Apricot kernels (Prunus armeniaca)

Apricot kernels are the seeds found inside the apricot pit, occurring in “sweet” and “bitter” types. Sweet kernels are used as food ingredients in ways similar to almonds, while bitter kernels contain higher levels of cyanogenic precursors and require strict control and limited use. Flours (full-fat or defatted) and apricot kernel oil are common derivatives.

Common name: Apricot kernels (armelline; seeds of the apricot stone)

Parent plant: Prunus armeniaca L. — apricot tree

Kingdom: Plantae
Clade: Angiosperms
Clade: Eudicots
Order: Rosales
Family: Rosaceae
Genus: Prunus
Species: Prunus armeniaca L.

Note: Apricot kernels are the seeds inside the stone of the fruit; they are not a separate species. They can be sweet (low in amygdalin) or bitter (high in amygdalin).

Cultivation and growth conditions

Climate:
The apricot tree thrives in temperate climates with cold winters (necessary for dormancy) and warm, dry summers.

• It is sensitive to late spring frosts, which can damage flowers and young fruits.

• It prefers sheltered, well-ventilated areas.

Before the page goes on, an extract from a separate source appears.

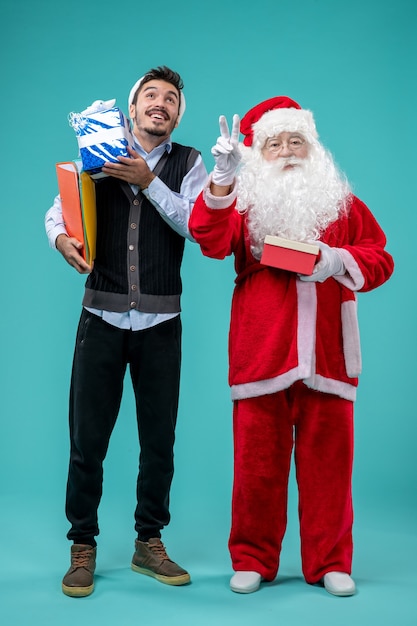 Vorderansicht Weihnachtsmann mit jungem Mann und Geschenken auf blauem Schreibtisch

• It requires a sufficient number of winter chill hours for uniform flowering and fruit set.

Sun exposure:
Requires full sun, which is essential for:

• fruit ripening,

• sugar accumulation,

• proper wood maturation.

Insufficient light reduces yield and fruit quality.

Soil:
Apricot trees prefer soils that are:

• well drained,

• medium-textured or slightly sandy,

• slightly calcareous or neutral (pH 6.5–7.5),

• rich in organic matter.

They perform poorly in heavy or waterlogged soils, which favor collar rot and root diseases.

Irrigation:
They require moderate but regular irrigation, especially:

• in spring (fruit set),

• in summer (fruit enlargement).

Excess water causes fruit cracking and fungal issues; prolonged water deficiency reduces fruit size and yield.

Temperature:

• Germination: 10–20 °C

• Vegetative growth: 18–30 °C

• Flowers damaged below –2 °C

• Fruits damaged above 38–40 °C under prolonged heat

Fertilization:
Apricot trees benefit from balanced fertilization:

• Nitrogen: necessary but should be moderate to avoid excessive vegetative growth.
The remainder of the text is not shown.